Stanley Kramer’s competence was always handily outshined by his absence of anything distinctive or worthwhile to say, so it follows that his automatically dated film about interracial marriage has little value now because it fails to compensate with anything rich or deeply observant. All of the characters are ciphers, and the story and script are insipid. No one will tell you that it isn’t painful today, but I’m having trouble buying the notion that it ever wasn’t. Director Kramer was the Paul Haggis of his time; he made screeds, not movies. Like most screeds, his had a brief shelf life. The film shows itself as ineptly out of touch as can be imagined in its title sequence, when this Important Social Comedy of Katharine Hepburn and Spencer Tracy’s reaction to their daughter’s black fiancé opens with some kind of fucking pseudo-easy listening garbage that belongs in a movie made about fifteen years previously. Moreover, this film that pretends to say something about the ’60s generation uses generic rock music like the fake MIDIs that come with your soundcard for the duration. Kramer knows nothing about people, about youth, about race, about anything. It shows. He might know less about romantic relationships. Shouldn’t we actually feel like we know the couple that the love story is ostensibly about? Can we ever feel we “know” Norman Rockwell-style caricatures? And on and on.

This ridiculous slice of faux-liberal self-congratulation is not only so dated it passes “camp” and approaches “pain,” it actually is racist. I doubt it was realized by Kramer or anybody working on the movie, except perhaps Sidney Poitier, but no joke, this thing stumbles over its good intentions to become pretty offensive, in part because Spencer Tracy talks about how he’s noticed that negro kids dance better because they have the jungle in their bones, in part because Poitier’s kindly doctor is blander than a bag of Munchos since the movie’s message might crumble if the Good Negro were allowed to show any trace of personality (and don’t misunderstand, he’s a great actor and I don’t blame him for this debacle), in part because it picks up the Hattie McDaniel character from Gone with the Wind, gives it to Isabel Sanford (!), and sets it in 1967. The black maid in the film disapproves of the pending marriage as much as Tracy does, and she actually says “Civil rights is one thing, but this is too far!” She says that. There’s also a part in which the title query is posed to her and her guess is “The Reverend Martin Luther King!” YEAH the only famous person black people have heard of, ever! Scott Foundas referred to Crash as “the best movie of the year for people who like to say, ‘A lot of my best friends are black.’” Guess Who’s Coming to Dinner is the all-time favorite of those people, those upper crust progressives who would kill themselves to avoid coming face to face with their own values, and whose second favorite movie is goddamn The Way We Were. What’s especially amusing is that the film specifically accuses its characters of being same.

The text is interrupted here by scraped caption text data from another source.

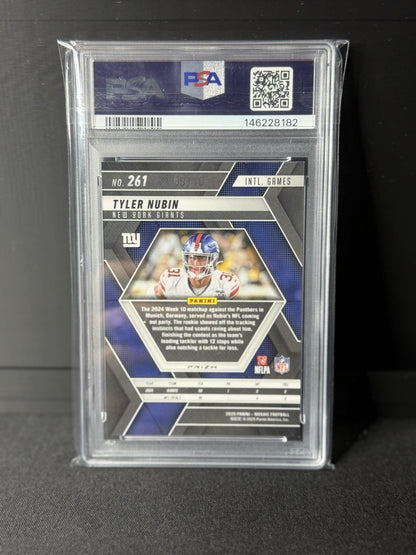 Panini 2025 Mosaic Tyler Nubin Gold No Huddle #261 PSA 9 Giants 09/101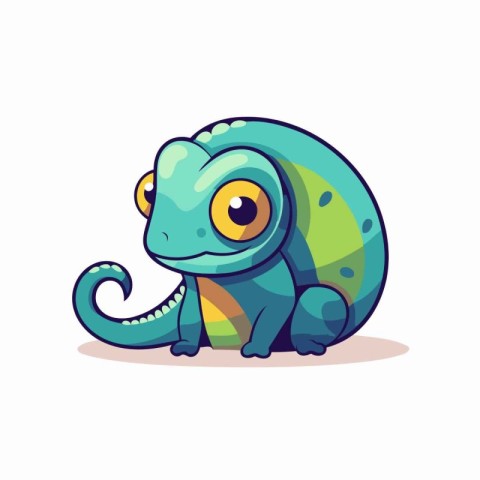 Cute cartoon chameleon isolated on white background. Vector illu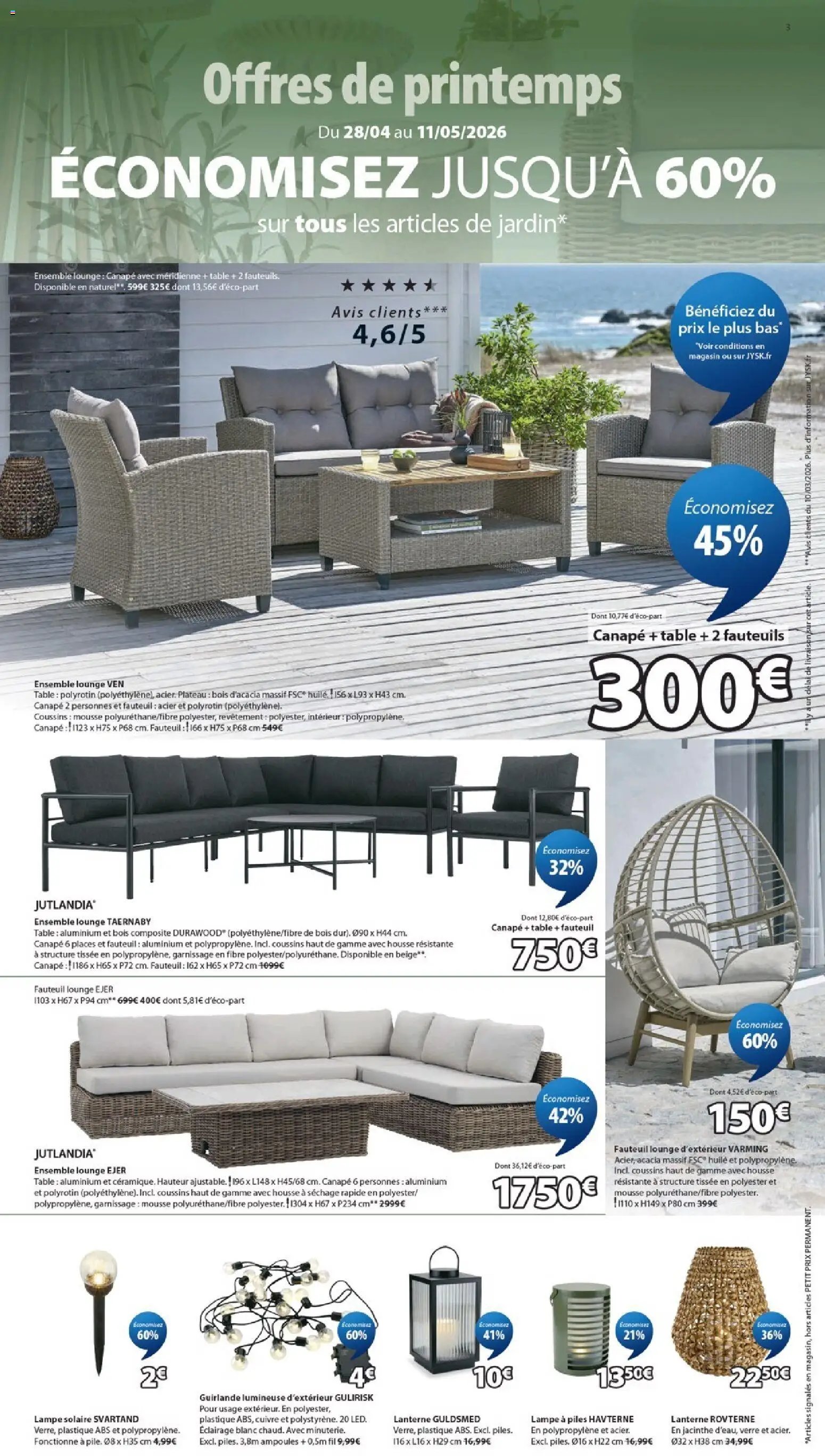 Jysk offres de printemps (2026-04-28 - 2026-05-11)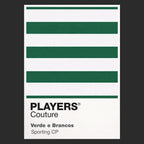 Sporting CP Classic Football Shirt Colours Frame Men's T-Shirt – black close-up detail shot of the Sporting CP Players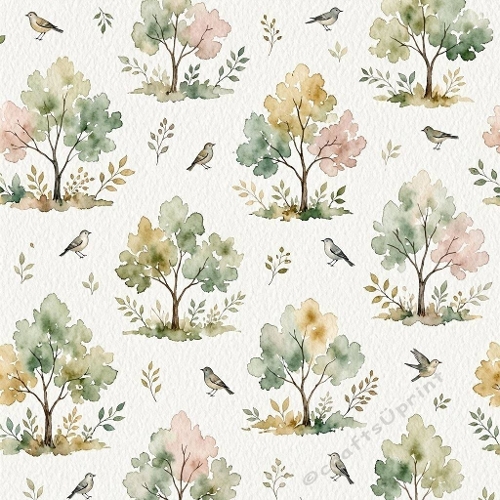 Pastel Trees & Birds Seamless Pattern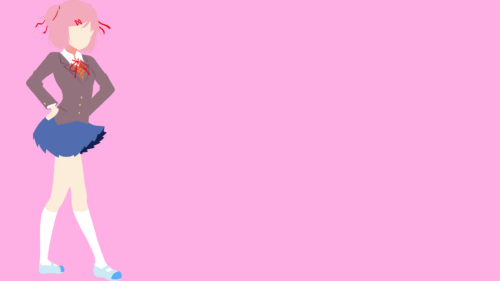 Minimalist Natsuki Doki Doki Literature Club Aesthetic PC Wallpaper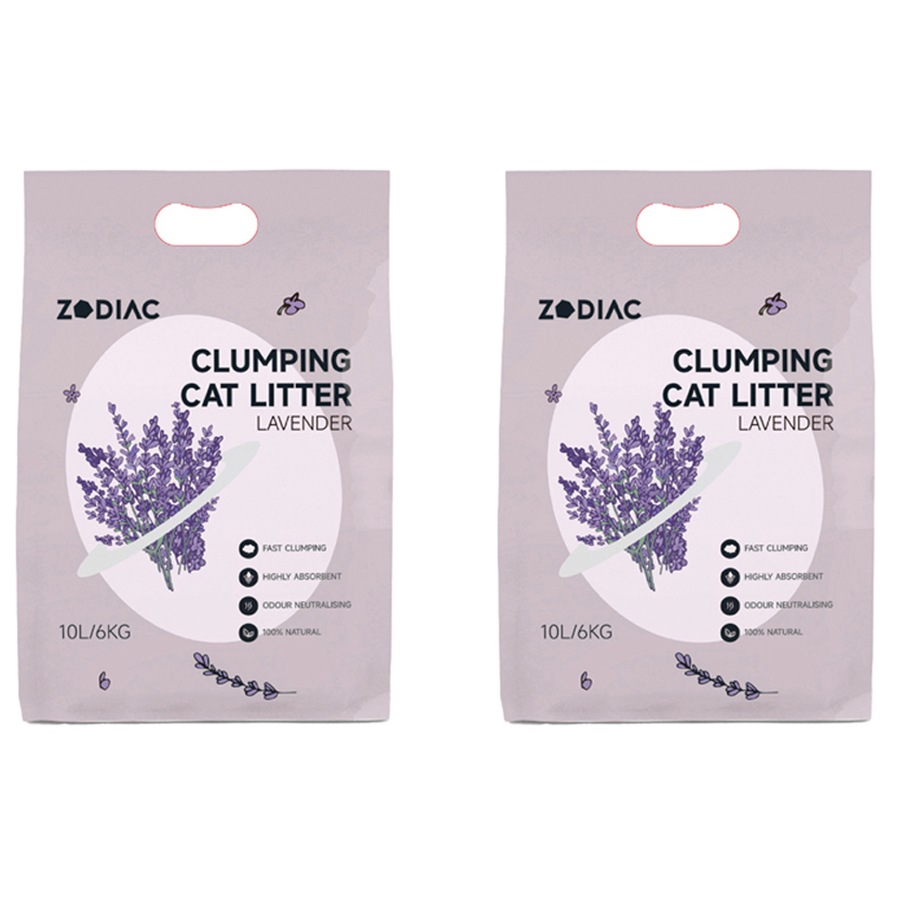 2x Zodiac 10L/6kg Clumping Bentonite Clay Cat Litter Natural Absorbent Lavender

There is some truth in the argument that Guess would probably fail by modern standards regardless of its content, because its premise was still, amazingly enough, too risky in 1967 to competently function as a film story — and now, its subject is so obviously uncontroversial that it’s quite laughable to see all the people in this film going ballistic over it, hence its story beats are incomprehensible and all of its characters seem deplorable in one way or another. Kramer and screenwriter William Rose’s actual intent was to make Poitier’s John a “perfect” man, so that the only possible objection one could have was his race. (They didn’t quite think this through; the two sets of parents’ more legitimate complaint might be that their chldren are marrying someone they just met, but that too is an artifact of the time.) There was always a stumbling block in the ’60s of toeing the line between political correctness and blandness; one did not wish to patronize black audiences, but to so much as feature black and white children in school together, say, would generate protests and hand-wringing far and wide, as witness the problems Charles Schulz ran across when he introduced Franklin to Peanuts. Franklin is often considered much like John in this film: a placid, boring straight man with no meaningful flaws or personality traits. At least Franklin is funny, remembered for his jabs at Peppermint Patty and general eye-rolling; John may as well be a robot. No doubt, though, Franklin in modern times should and would have been better handled as a character, and when no less a giant of great characterization and compassion than Schulz falls into that trap, such a mediocre artist as Kramer is doomed.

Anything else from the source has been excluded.